The following test case contains a Unicode supplementary character as the first character of the first string:

It looks like those characters also break too, as this bug appears to be truncated :-/

Can you articulate the issue without characters this tool can't handle (or just email me directly). Thanks.

The characters in the Unicode Supplementary Plane are those at codepoints of U+010000 or higher.

The issue with Bugzilla itself is like due to what is discussed here:

Actually I've reproduced the issue. If I put a character outside the BMP (Unicode CodePoint > 0xFFFF) inside a test-case, running the test fails with "Uncaught SyntaxError: Unexpected token ILLEGAL". It looks like we've not encoding surrogate pairs properly in the JSON files. I'll dig into it.

Looks like a bug in jquery.base64.js not being able to handle UTF-8 encodings of greater than 3 bytes (required for U+FFFF). I've made a fix and sent the patch to Norbert to verify.
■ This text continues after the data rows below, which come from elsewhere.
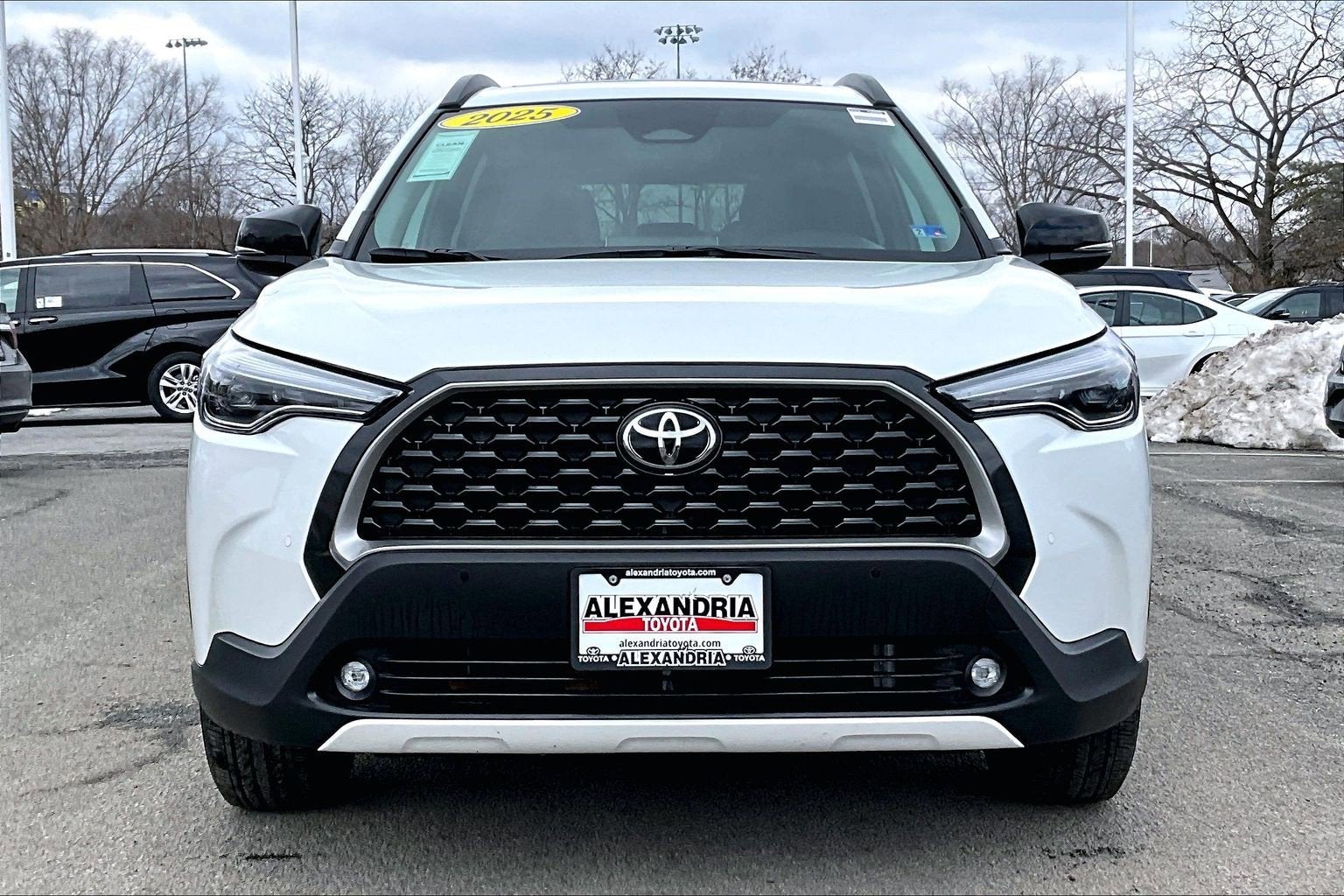 2025 Toyota Corolla Cross XLE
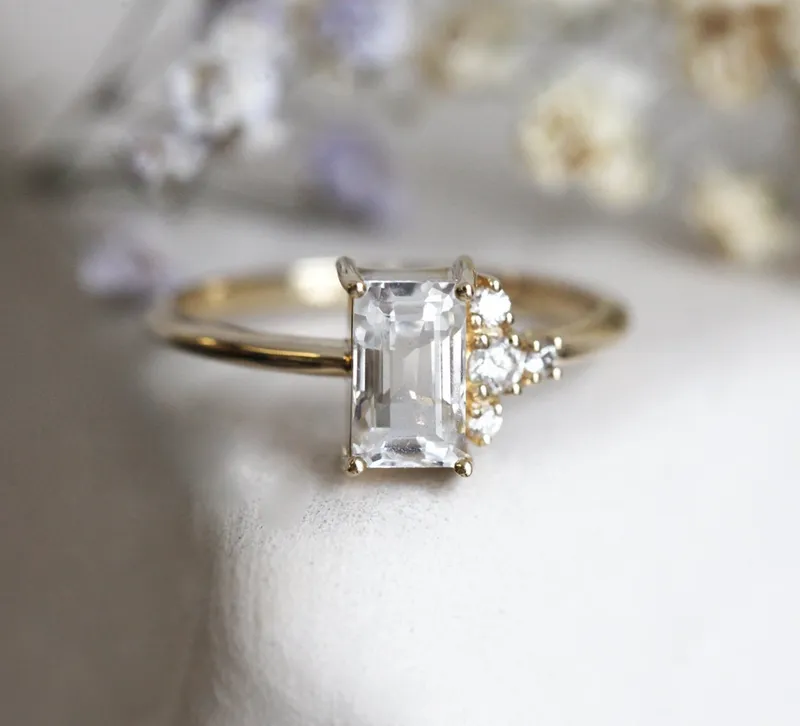 Theodore White Sapphire Diamond Ring vy 10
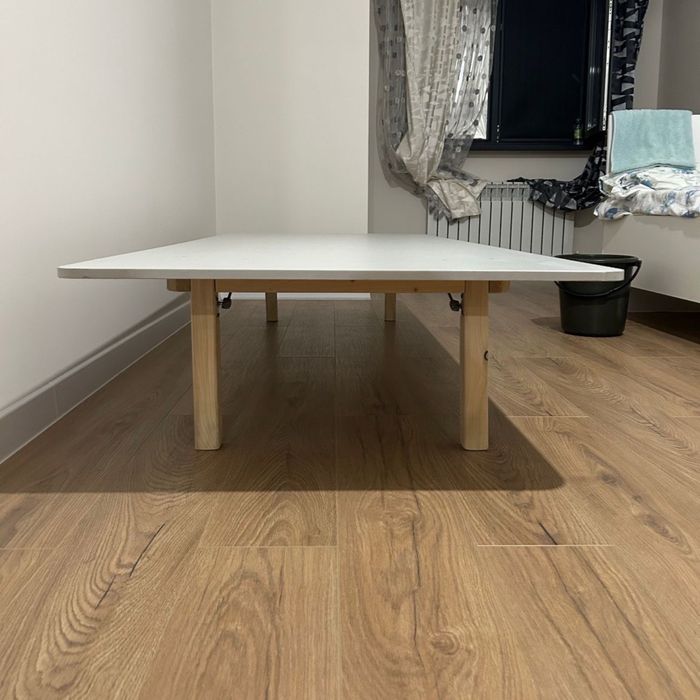 Продам стол с раздвежными ножками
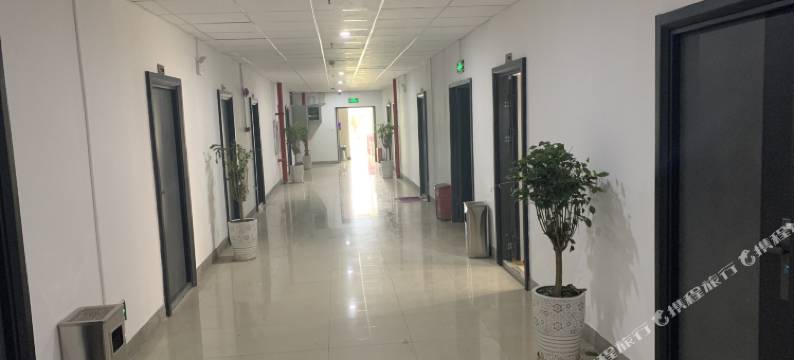 君豪商务宾馆(西南医院店)图片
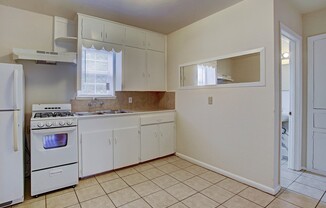 Studio, 1 bath, 400 sqft, $925, Unit 08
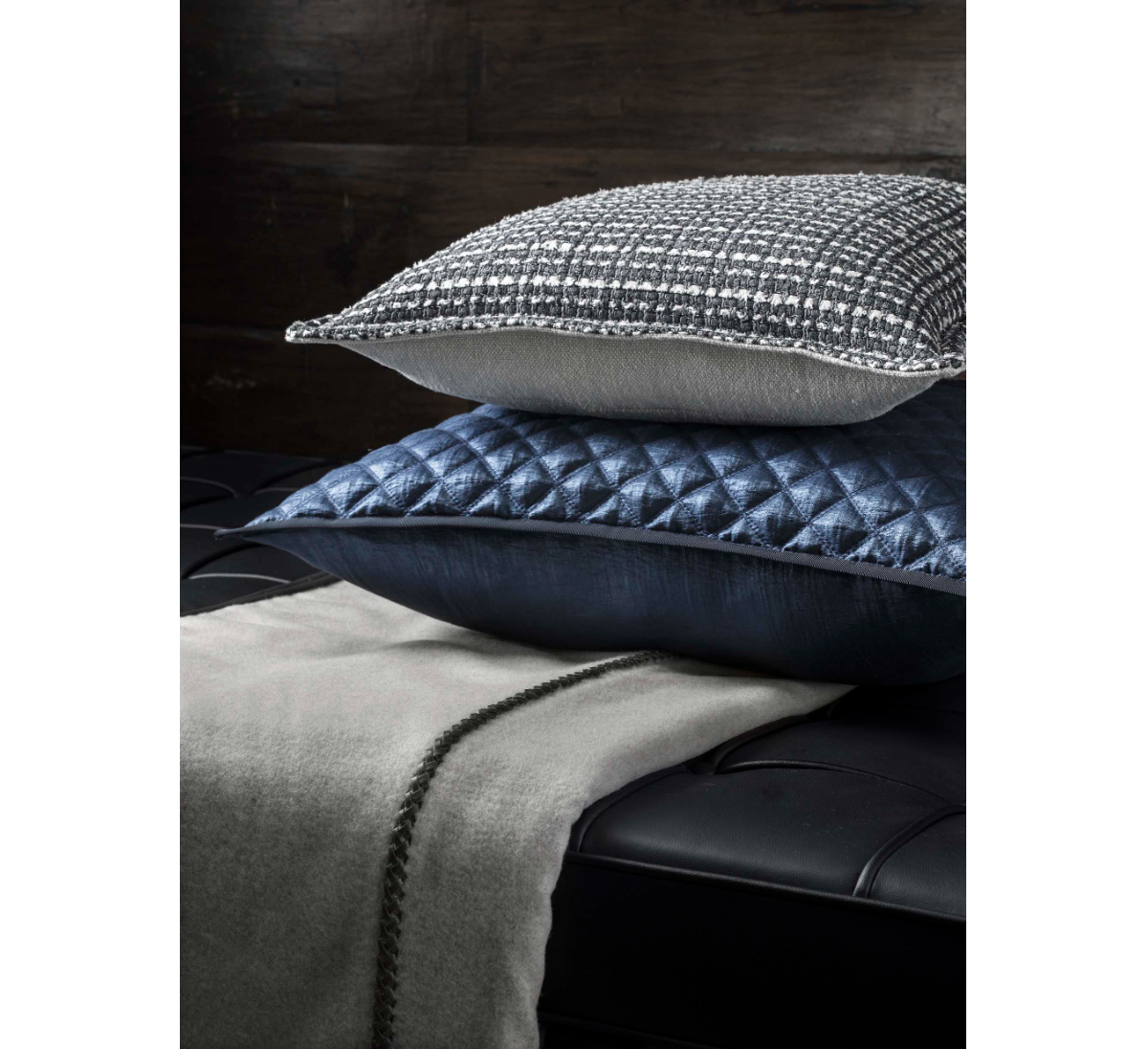 Подушка Opera Quilted  - Sapphire De Le Cuona, стоимость 51 000 руб.  Фотография 3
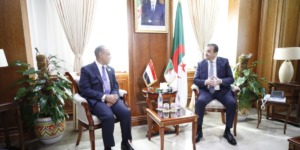 عرقاب يبحث مع وزير الخارجية والهجرة المصري سبل تعزيز التعاون الثنائي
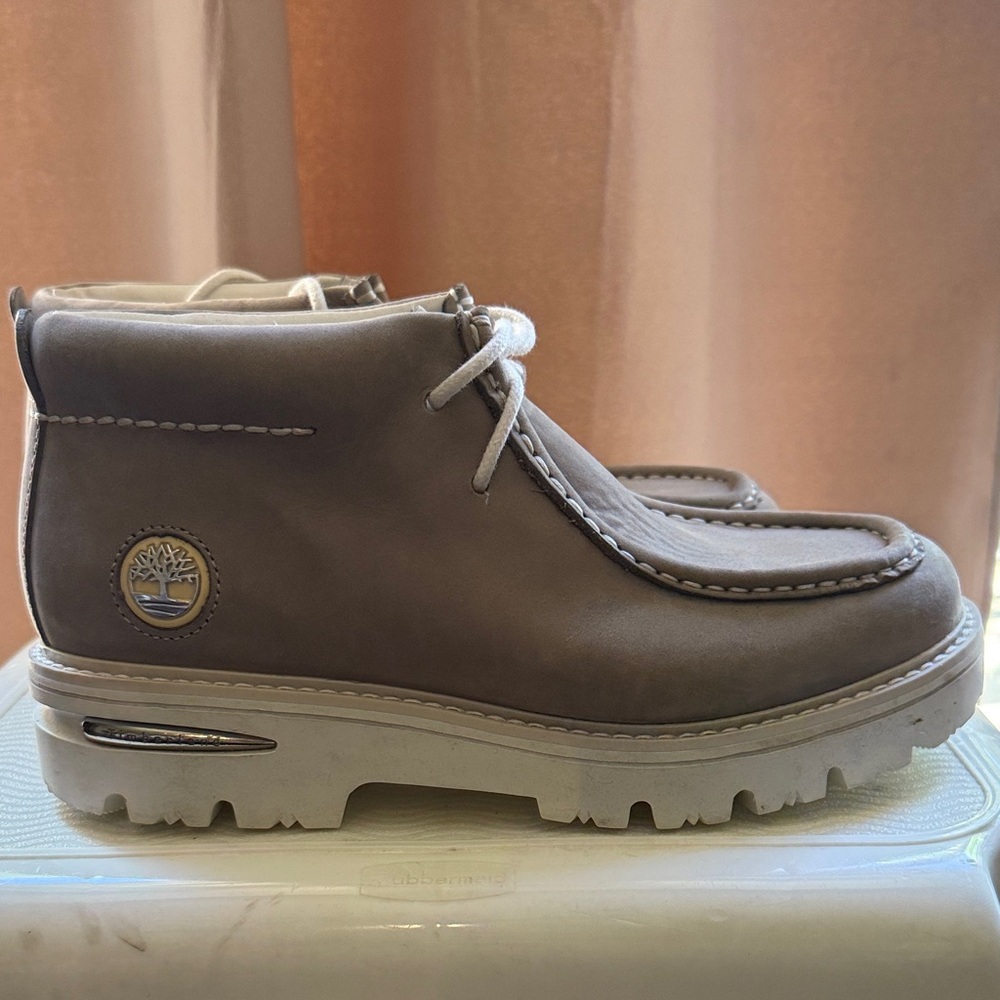 Timberland Light Brown Chukka Boots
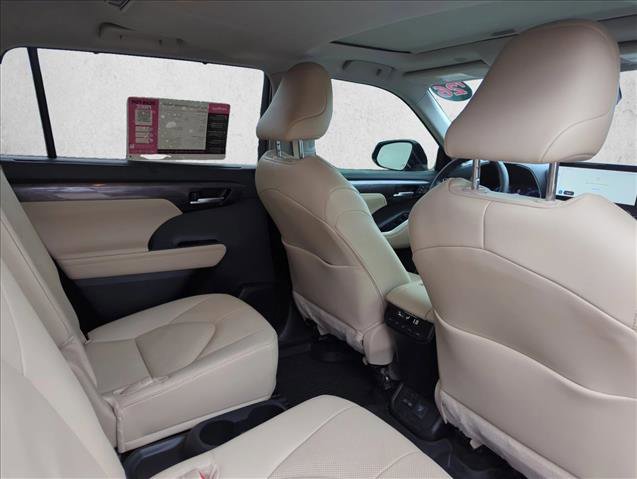Used 2024 Toyota Highlander Limited image 24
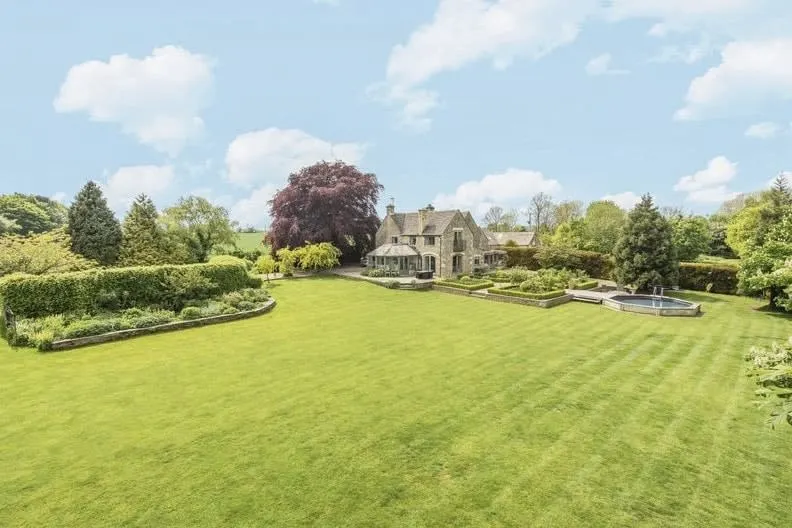 Cotswold Farmhouse with Swimming Pool - Image 1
I've added the test file for posterity.

The data loss in bugzilla is apparently caused by this bug:

Bill's fix fixes the immediate problem, but isn't fully compliant with the UTF-8 spec (Unicode 6.1, chapter 3.9, pages 94-97): Not all byte value sequences are allowed in UTF-8: Code points end at U+10FFFF so sequences representing higher values are illegal, and "overlong" sequences representing code points that can be represented using shorter sequences are also illegal. Accepting illegal sequences can be a security issue, so a parser should throw exceptions for them, or at least replace them with U+FFFD.

The one thing we definitely need is a limitation of code points to U+10FFFF.

Committed Bill's fix with additional check for valid code points.